**Activity**: Below are records to print word for word; include none of their pictures.

**Material provided**:

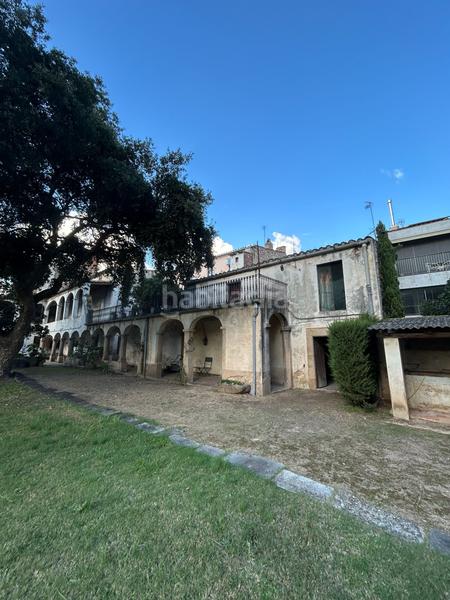 Foto 590794ee-1bbd-4d07-a0fe-a9d197415dc4. Casa adosada edificio , para reformar, con vistas y jardín privado en Santa Coloma de Farners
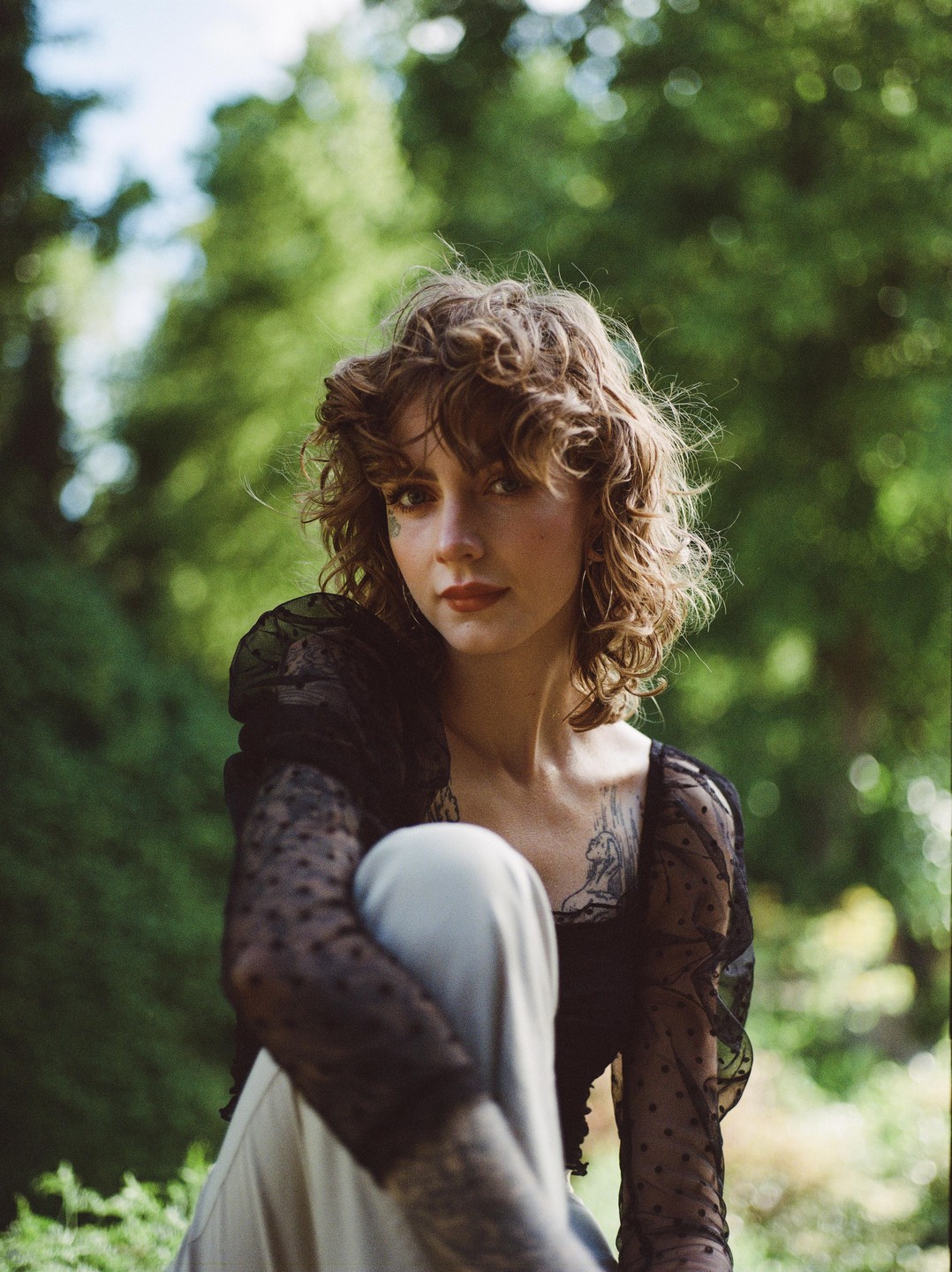A woman with curly hair and a black sheer top with polka dots sits outdoors.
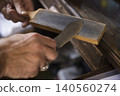 A hunter sharpening a hunting knife. 140560274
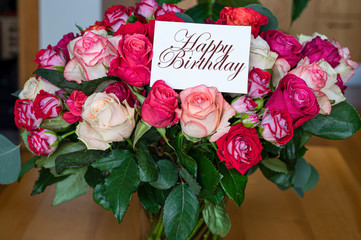 Bouquet of red, pink and yellow roses with happy birthday card. Template for birthday card.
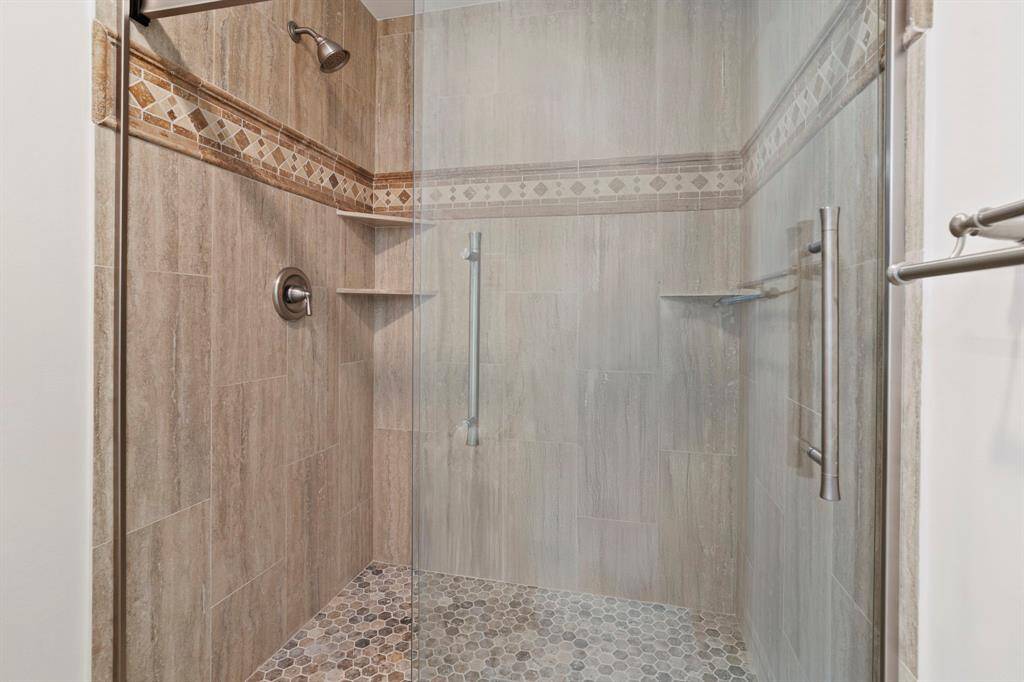 Renovated in July 2023, this sleek glass walk-in shower features contemporary finishes and a spa-inspired design.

**Problem solution**:
 Foto 590794ee-1bbd-4d07-a0fe-a9d197415dc4. Casa adosada edificio , para reformar, con vistas y jardín privado en Santa Coloma de Farners
A woman with curly hair and a black sheer top with polka dots sits outdoors.
 A hunter sharpening a hunting knife. 140560274
 Bouquet of red, pink and yellow roses with happy birthday card. Template for birthday card.
 Renovated in July 2023, this sleek glass walk-in shower features contemporary finishes and a spa-inspired design.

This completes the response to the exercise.